Exercise goal
Print, from the listing below, the lines starting at the line containing "Talbots Wool Gray Embroidered Dog Loafers" and ending at the line containing "Death Card Ace", exactly as they stand, and print nothing else.

Records for the task
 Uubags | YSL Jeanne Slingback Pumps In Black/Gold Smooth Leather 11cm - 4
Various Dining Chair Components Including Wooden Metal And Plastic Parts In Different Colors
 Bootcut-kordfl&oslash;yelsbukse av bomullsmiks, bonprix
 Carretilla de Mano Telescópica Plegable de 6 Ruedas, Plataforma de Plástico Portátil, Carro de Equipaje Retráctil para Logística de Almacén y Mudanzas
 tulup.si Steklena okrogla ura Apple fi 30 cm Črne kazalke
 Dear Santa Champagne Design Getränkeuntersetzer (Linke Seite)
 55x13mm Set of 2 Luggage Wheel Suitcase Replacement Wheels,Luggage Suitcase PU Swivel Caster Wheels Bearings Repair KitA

...

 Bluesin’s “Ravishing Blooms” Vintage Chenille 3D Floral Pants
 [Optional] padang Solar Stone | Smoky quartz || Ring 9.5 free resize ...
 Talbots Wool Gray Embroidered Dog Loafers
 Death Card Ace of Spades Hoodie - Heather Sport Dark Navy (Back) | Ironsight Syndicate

Result of the exercise
 Talbots Wool Gray Embroidered Dog Loafers
 Death Card Ace of Spades Hoodie - Heather Sport Dark Navy (Back) | Ironsight Syndicate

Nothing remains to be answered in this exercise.